German Baking by Jürgen Krauss is published by Kyle Books, £26.00,

Image of Jürgen Krauss' Christmas Stollen
Photo by Maja Smend


Serves: 20


  • 250 grams bread flour
  • 7 grams instant yeast
  • 250 millilitres double cream


  • 250 grams raisins
  • 250 grams sultanas
  • 250 grams currants
  • 100 millilitres rum
  • 100 millilitres boiling water
  • 250 grams bread flour
  • 500 grams plain flour
  • 125 grams caster sugar
  • 7 grams instant yeast
  • 2 grams ground mace
  • 2 grams ground cardamom
  • 2 grams ground cinnamon
  • zest of 2 lemons
  • 500 grams unsalted butter (cubed, room temperature)
  • 200 grams mixed peel
  • 200 grams ground almonds


  • 250 grams unsalted butter (melted)
  • 250 grams icing sugar


Christmas Stollen, Dresden-Style is a guest recipe by Jürgen Krauss so we are not able to answer questions regarding this recipe

  1. For the starter, mix the flour, instant yeast and cream together and leave to stand at room temperature for 1 hour.

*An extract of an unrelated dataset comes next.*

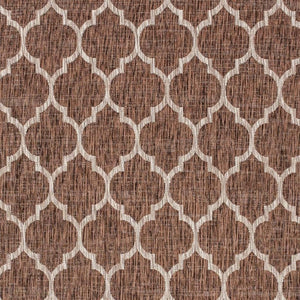HomeRoots 8' Geometric Espresso and Taupe Area Rug - Stylish Indoor/Outdoor Accent for Modern Spaces 703982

Then place the starter in the fridge overnight.
  2. Place the raisins, sultanas and currants in a bowl. Add the rum. Pour as much of the boiling water over the fruit as needed to just cover them. Cover with clingfilm and leave to stand overnight.
  3. The next day, prepare the dough. Mix together the starter, both flours, sugar, yeast, spices and lemon zest. Work the butter into this mix and knead. This might seem impossible at first, but it will come together nicely. I like to do this in a 10-litre bowl using my hands. Normal household mixers won’t be able to cope with this dough. Drain the dried fruit and add to the dough, along with the mixed peel and ground almonds, and incorporate into the dough. Again, this might seem impossible, but with a big plastic spatula and a lot of patience it will come together.
  4. With your hands push the dough into a rectangle and fold it lengthwise onto itself. Use a bit of flour if it gets too sticky. You can make one large Stollen or a few smaller ones, but I wouldn’t recommend making Stollen smaller than 800g; I find larger Stollen give a better texture. Transfer the Stollen onto a lined baking sheet and leave to prove at room temperature for about 2 hours. The Stollen will hardly rise.
  5. Preheat the oven to 170°C fan/gas mark 5. Bake the Stollen for 1–1½ hours, depending on size. It should be dark golden brown. If it gets dark too early, cover it with foil. While the Stollen is still hot, brush it with melted butter until it is saturated. Once cool, cover the Stollen in plenty of icing sugar and keep it in an airtight container or plastic bag for at least 3 weeks before cutting into it. It will last for several months in an airtight container.